━━ Data in this exercise

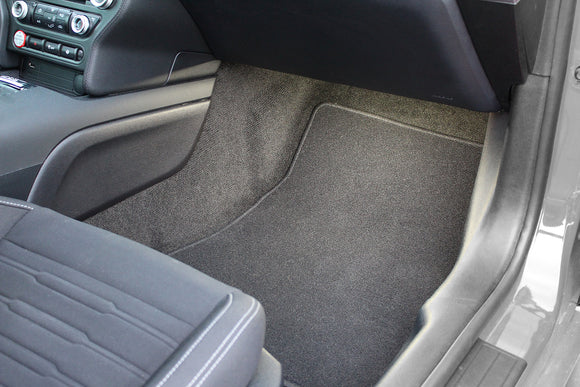 Ford Mustang Footwell Lighting Kit - Fits all trims (2015-2025)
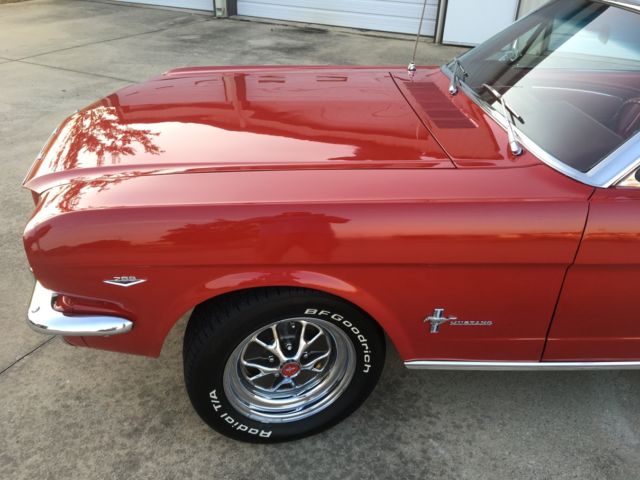1966 Ford Mustang - photo 6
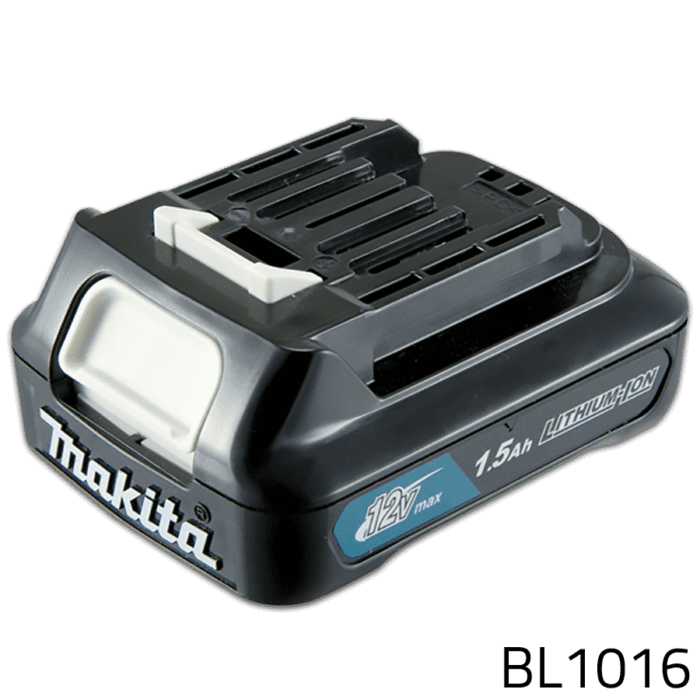 Makita BL1016 12V 1.5Ah Lithium-Ion Battery (CXT Series)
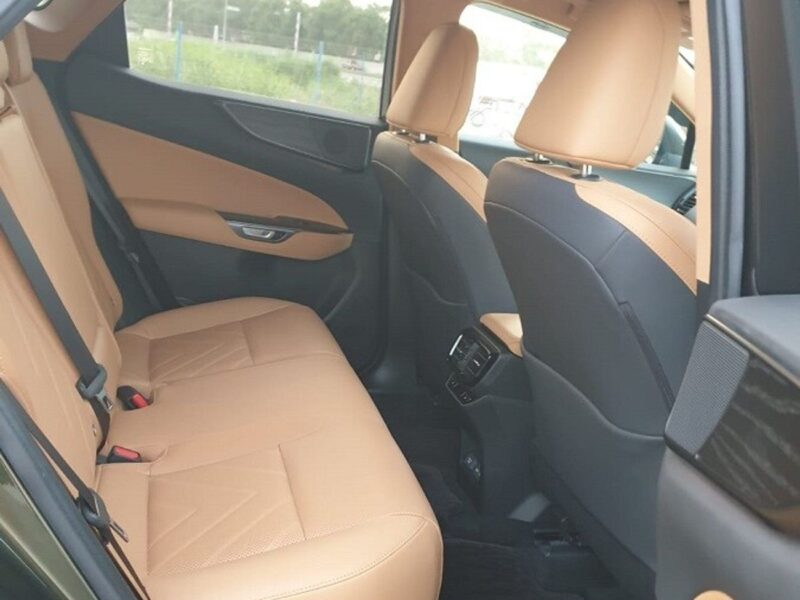 2023 Lexus NX 250 2.5 CC PETROL RHD Green Tan GCC Specs
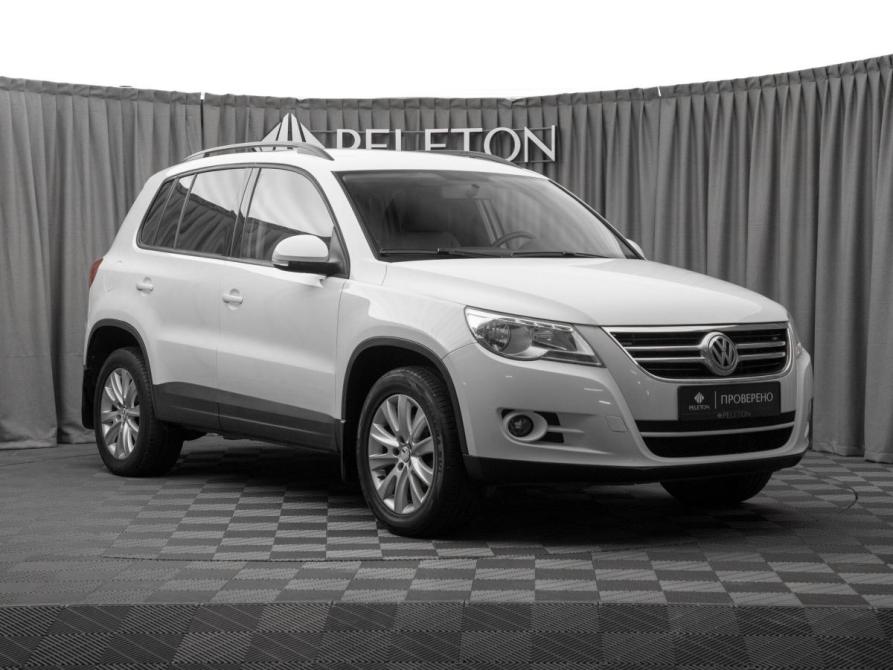 Volkswagen Tiguan I Москва  - изображение 2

━━━━

■ Directions for this task
Every line from the one containing "Makita BL1016 12V" through the end of the records is to be returned exactly, and those lines alone; pictures are dropped.

■ Answer space
 Makita BL1016 12V 1.5Ah Lithium-Ion Battery (CXT Series)
 2023 Lexus NX 250 2.5 CC PETROL RHD Green Tan GCC Specs
 Volkswagen Tiguan I Москва  - изображение 2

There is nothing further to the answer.